• **Assigned task**
Set down each of the records below exactly as it reads. No pictures go into the copy.

• **Given data**
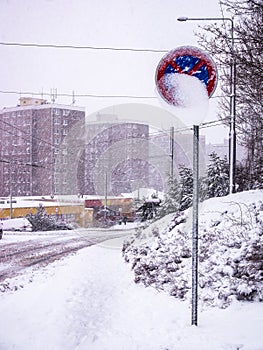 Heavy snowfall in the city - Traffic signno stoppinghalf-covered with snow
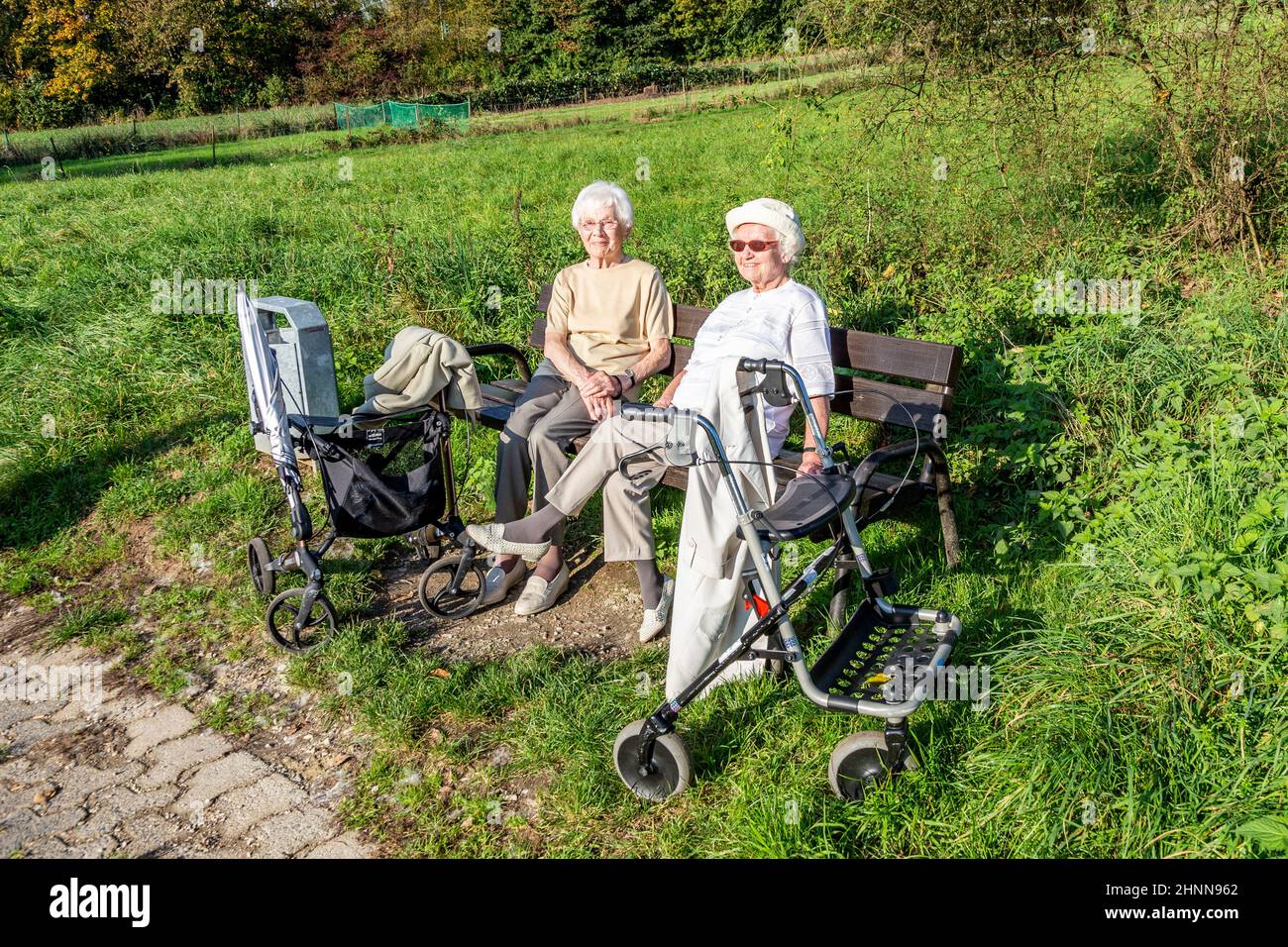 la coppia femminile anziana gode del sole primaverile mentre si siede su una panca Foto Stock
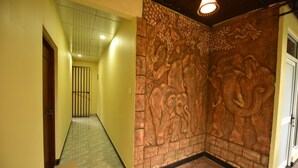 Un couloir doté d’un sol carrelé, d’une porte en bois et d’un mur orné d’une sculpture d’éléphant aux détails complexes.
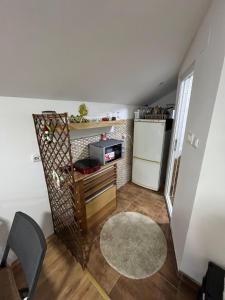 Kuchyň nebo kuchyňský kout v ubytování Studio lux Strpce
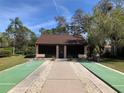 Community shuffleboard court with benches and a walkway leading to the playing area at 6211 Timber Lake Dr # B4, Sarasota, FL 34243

• **Solution**
 Heavy snowfall in the city - Traffic signno stoppinghalf-covered with snow
 la coppia femminile anziana gode del sole primaverile mentre si siede su una panca Foto Stock
 Un couloir doté d’un sol carrelé, d’une porte en bois et d’un mur orné d’une sculpture d’éléphant aux détails complexes.
 Kuchyň nebo kuchyňský kout v ubytování Studio lux Strpce
 Community shuffleboard court with benches and a walkway leading to the playing area at 6211 Timber Lake Dr # B4, Sarasota, FL 34243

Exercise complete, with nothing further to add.